◆ DESCRIPTION OF THE TASK
Use the entries below and reproduce exactly the lines from the one containing "Read Extraordinary Dating" down to the one containing "إيران تهدد السعودية: إذا", both of them included.

◆ PROVIDED MATERIAL
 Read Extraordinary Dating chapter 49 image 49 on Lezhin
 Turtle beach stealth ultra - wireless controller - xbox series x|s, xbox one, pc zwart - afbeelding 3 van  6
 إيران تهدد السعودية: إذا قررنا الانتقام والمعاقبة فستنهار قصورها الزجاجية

==

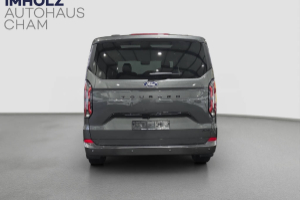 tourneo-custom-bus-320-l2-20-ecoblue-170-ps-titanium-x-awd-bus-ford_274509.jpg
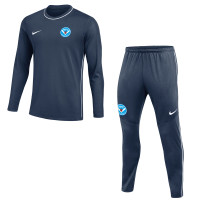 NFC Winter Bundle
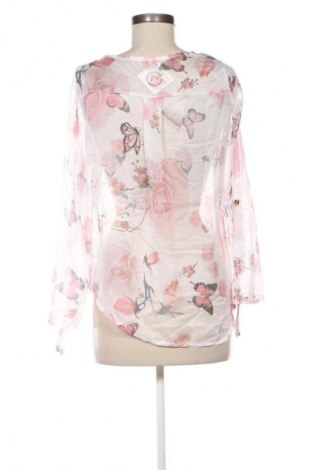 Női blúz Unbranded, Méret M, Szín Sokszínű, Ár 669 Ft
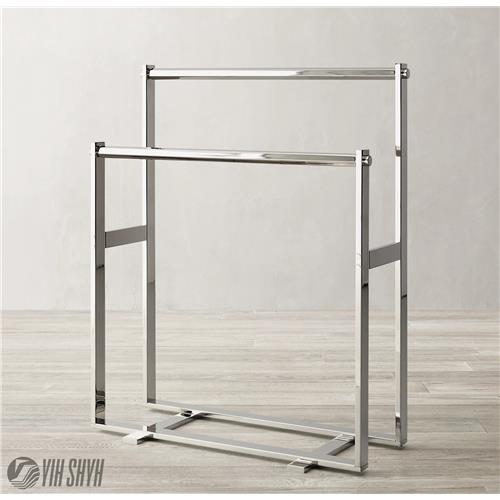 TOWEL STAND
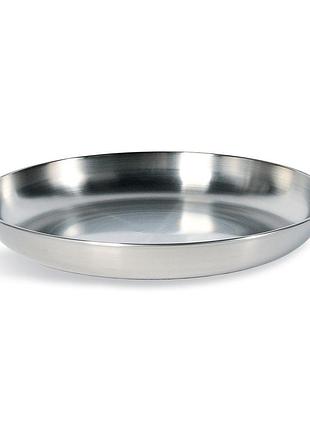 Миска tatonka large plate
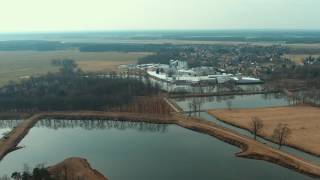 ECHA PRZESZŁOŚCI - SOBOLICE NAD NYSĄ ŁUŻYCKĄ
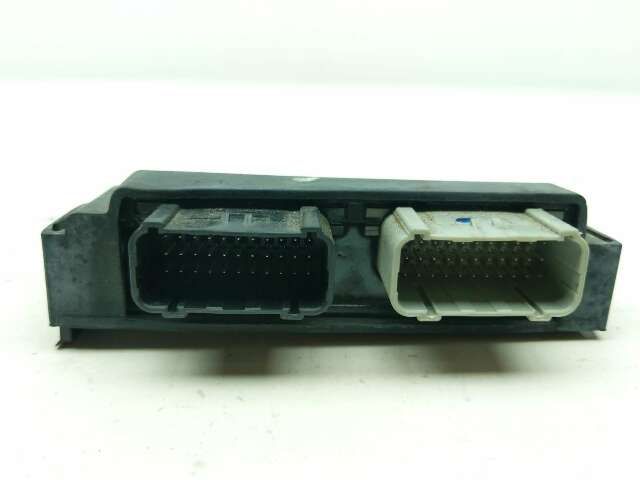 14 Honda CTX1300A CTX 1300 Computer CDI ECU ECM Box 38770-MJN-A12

---

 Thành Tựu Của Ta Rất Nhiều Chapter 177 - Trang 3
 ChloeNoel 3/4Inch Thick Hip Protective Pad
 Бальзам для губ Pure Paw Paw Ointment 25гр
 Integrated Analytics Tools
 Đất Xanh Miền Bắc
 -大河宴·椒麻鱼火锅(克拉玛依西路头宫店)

◆ EXERCISE ANSWER
 Read Extraordinary Dating chapter 49 image 49 on Lezhin
 Turtle beach stealth ultra - wireless controller - xbox series x|s, xbox one, pc zwart - afbeelding 3 van  6
 إيران تهدد السعودية: إذا قررنا الانتقام والمعاقبة فستنهار قصورها الزجاجية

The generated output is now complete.